A California Court of Appeal affirmed that the Inyo County Board of Supervisors violated the California Environmental Quality Act (CEQA) in its attempt to seize City of Los Angeles land and water rights through eminent domain without conducting any environmental review.
Historically, LADWP has leased land to Inyo County to operate three local landfills – Bishop-Sunland, Independence and Lone Pine. Over the years, LADWP has insisted upon instituting better environmental controls at the landfills because they are unlined and pose a threat to the groundwater. The County has also received thousands of regulatory and permit violations relating to its landfill operations over the years. In 2017, the County determined it would prefer to own the land on which the landfills are located, and with it, the associated water rights. Rather than work with LADWP to find a solution to the challenging landfills, the County hastily pursued eminent domain lawsuits, which the appellate court confirmed neglected to follow CEQA. Based upon the Court’s decision, LADWP will now seek the dismissal of all three eminent domain lawsuits and reimbursement for its costs from the County.
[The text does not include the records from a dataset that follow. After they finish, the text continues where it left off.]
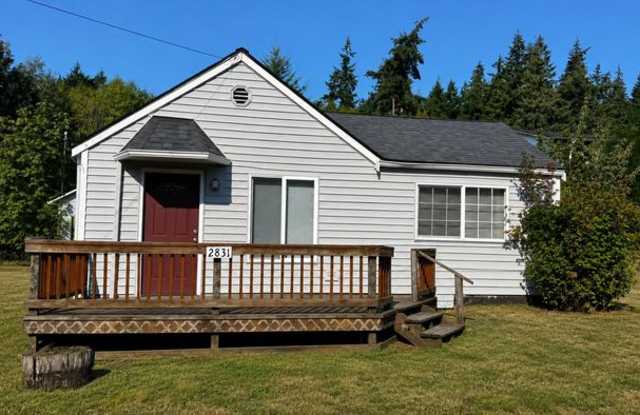 2831 North Oak Harbor Road Gallery 1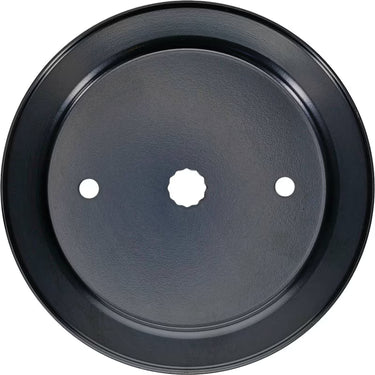 Spindle Pulley Replacement For Husqvarna 532195945 STENS Direct OEM Grade Durable Mower Pulley For Homeowners - Rainier Parts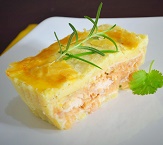 Empadão de Frango - Imagem 2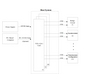 VEX-112S Diagram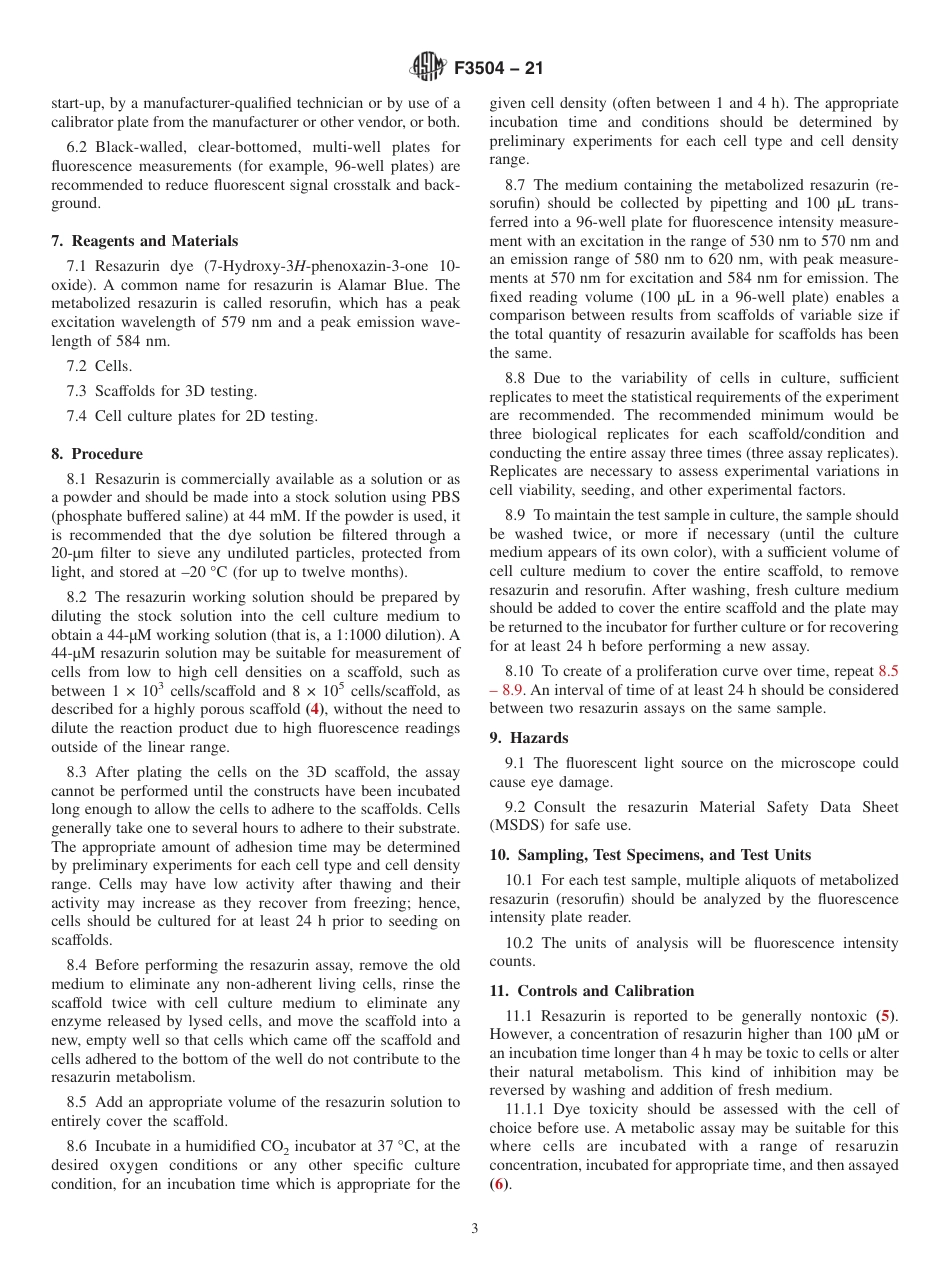 ASTM F3504 - 21.pdf_第3页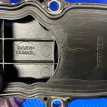 Крышка головки блока (клапанная) Peugeot 307 3C Peugeot 2008 оригинальный номер 0248P5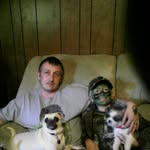 John Matlock - @jmatlock863 - Instagram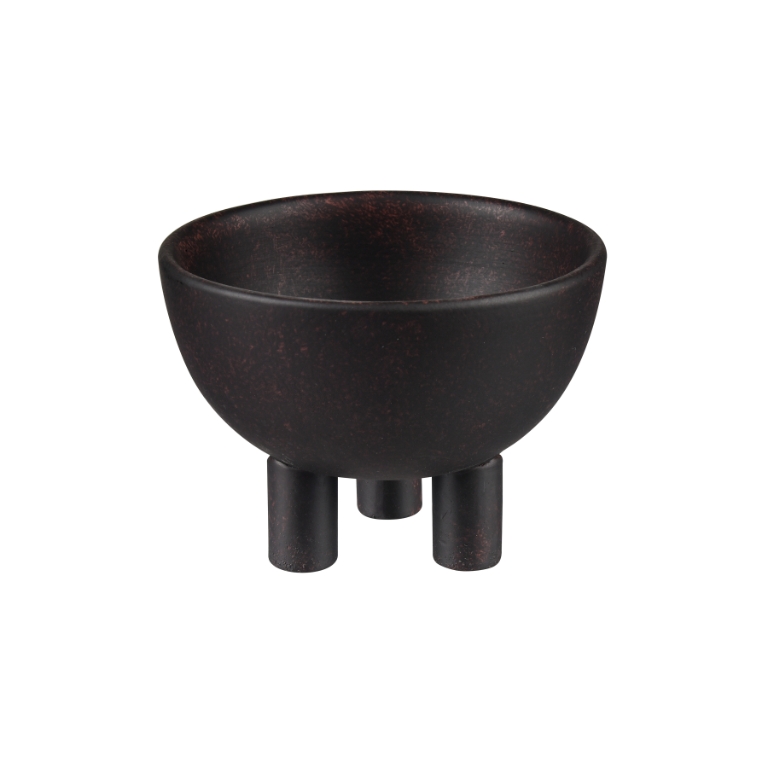 Booth Bowl - Small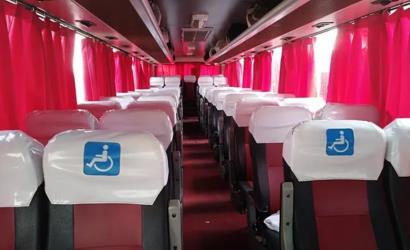 Interior Interior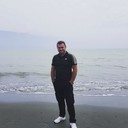  ,   Ruslan, 42 ,   ,   , c 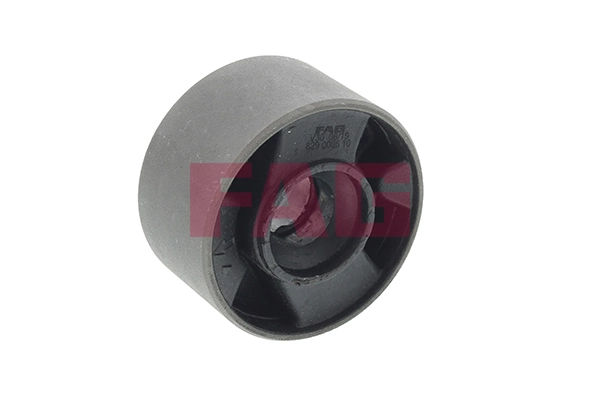 Mounting, control/trailing arm 829 0006 10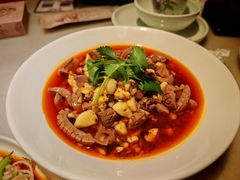 -赋春风(吾悦广场店)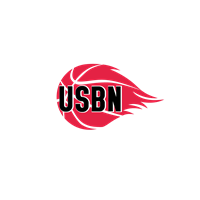 United States Basketball Network (USBN)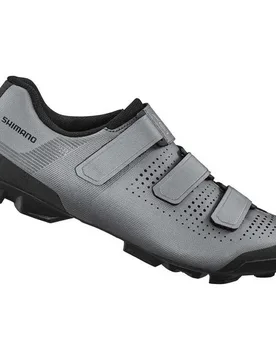Shimano Chaussures Vtt Xc100 - Shimano - FashionsVida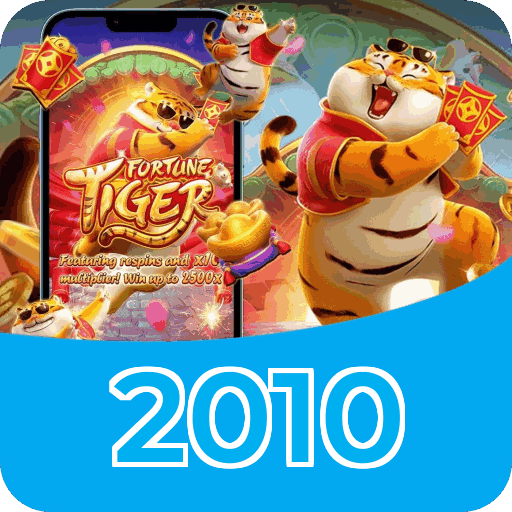 Sweet Bonanza slot game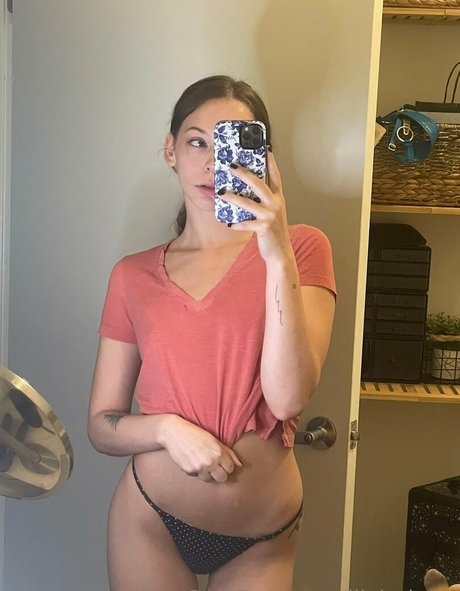 asian shower onlyfans beautiful naked image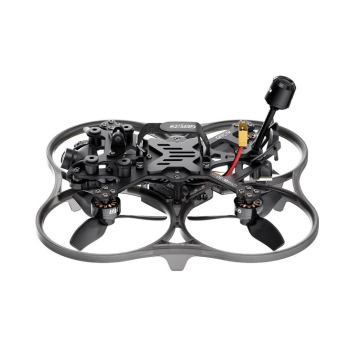 Dron FPV GEPRC Cinelog30 V2 Analog Quadcopter PNP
Anselmo Collins, LADWP Senior Assistant General Manager – Water System, offers the following quote in response to the appellate court ruling:
“LADWP has a longstanding partnership with Inyo County. Both before and at the Board of Supervisors’ hearing on the eminent domain actions, LADWP attempted to find several mutually agreeable solutions. All were refused and, instead, Inyo pursued unnecessary litigation, causing LADWP to incur significant costs that we will now seek to recover through the courts from Inyo. While we are disappointed this issue ended up in the courts, we are pleased with the ruling from the appellate court upholding that Inyo County cannot seize land and water rights without considering the full environmental impacts.”